The oldest and a friend, set up a projector in the driveway, along with a fire in the firepit, and they roasted marshmallows and enjoyed a show...or several. The weather was perfect for it. 

In addition to going to the farm with the youngers earlier in the week, I got to go enjoy the Halloween festivities at the zoo with my oldest, and our favorite local fast-food burgers. I do enjoy these times with them, knowing that time flies and soon they will be flying on their own.

What did your Halloween look like this year? Did you get creative, go traditional, or skip it this year? We'd love to hear!

Friday, October 30, 2020

F is For Fall -Part 1: Farm

 I LOVE Fall! There is so much to enjoy and feel grateful about during Fall: 

Those last warm and sunny days before the cooler weather sets in for the remainder of the year. Reminding us to enjoy them like we did in Summer, or maybe, to not take those sunny Summer days for granted because they won't last all year long. We took the opportunity on a recent day like this to head to our favorite farm: Jubilee Farm

I love the gorgeous drive through the trees...

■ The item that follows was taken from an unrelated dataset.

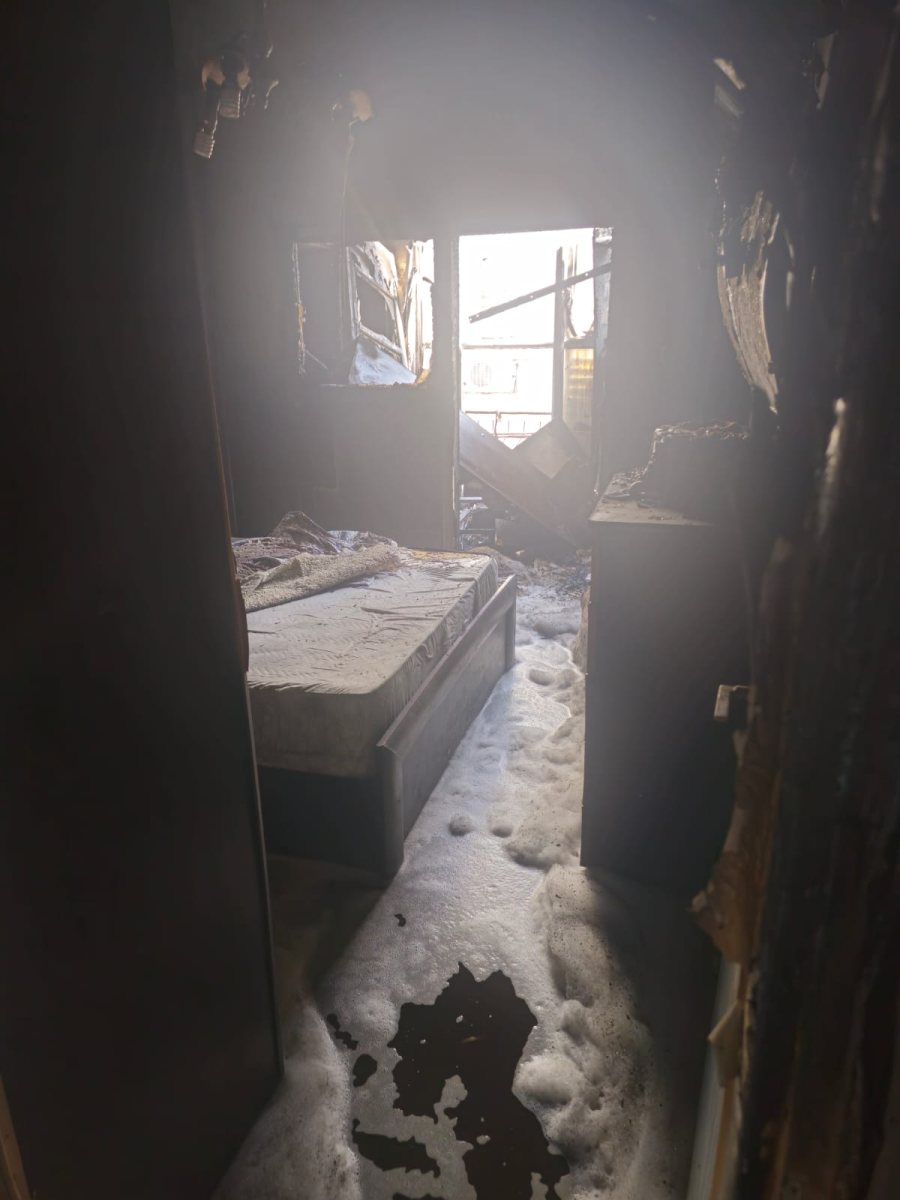 כיבוי והצלה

Seeing the sweet farm animals and the fields of pumpkins. Piggies and pumpkins, Oh My! Had we not grown our own carving pumpkins this year, the one pictured above, would have been my choice to bring home. This time, we were after some cooking pumpkins and quality farm time. 

The kids were willing to head to the opposite end of the fields, almost to the river, just to visit the chickens at their tractors. Normally, I feel pretty lucky to get 5-10 minutes watching the farm chickens before at least one kiddo gets impatient, but maybe they matured, or having been home more than usual, we stayed happily for "some time" as my youngest put it. 

The view at the farm is incredible too, with the sounds of the Snoqualmie River nearby, the gorgeous Cascade mountains in the background, and all of the farm's offerings surrounding us. I think this is where my farm dreaming truly began, as I can always find peace, grounding, and a smile after a trip here. 

Of course, here are the edible beauties we brought home from the farm to cook up and use throughout the season in baked goods, soups, and maybe a new recipe or two!

Wednesday, October 28, 2020

Frosty Apples

We had our first frost of the season, a light one, but it covered everything and made me question whether or not I had done all that I should to get the garden ready for Winter. It also alerted the spidey-senses, telling us that apple harvest time was near. Once upon a time, we were told that you should wait until after the first frost to harvest them, so that the sugars could concentrate. We have a dwarf Fuji that is about 5 years old and has been producing well the last few years. Hence, excitement for apple picking. 

 After the frost melted (it didn't take long), I headed out with a big bag and collected all of the apples that hadn't already been sampled by our local wildlife. We ended up with a nice collection of almost 40lbs of these beauties which will go into the freezer, sauce, a crisp tonight, and many just straight down the hatch. Did I mention that I LOVE apples?? Next to raspberry season, this is my favorite harvest time of the year. 

Well, I read into the "picking after the frost" method. None of the readings I found supported this idea. In fact, most articles discussed the danger of allowing apples to freeze before harvesting. Fortunately for me, apples, in general, require 28 degrees and lower for at least 4 hours to cause damage to the fruit. Ripe apples and apples with a higher sugar content (read: Fujis) require lower temperatures to freeze, closer to 24 degrees. 

I did finally find an article regarding the sugar concentration, because that really is a thing. Apparently, it is warm sunny days and cool nights that make the apples amazingly sweet. I guess we have been having just what the apple doctor ordered, because look at the inside of this apple I collected!
It didn't last very long! We've probably been through nearly a dozen apples since harvest, just eating them by the slice. I don't have a picture, but they are so beautiful when you hold these sugary pieces to the sun as it just shines through them. My youngest was fascinated. 

Here's the haul:

Alright, may you be blessed with delicious apples and a beautiful day!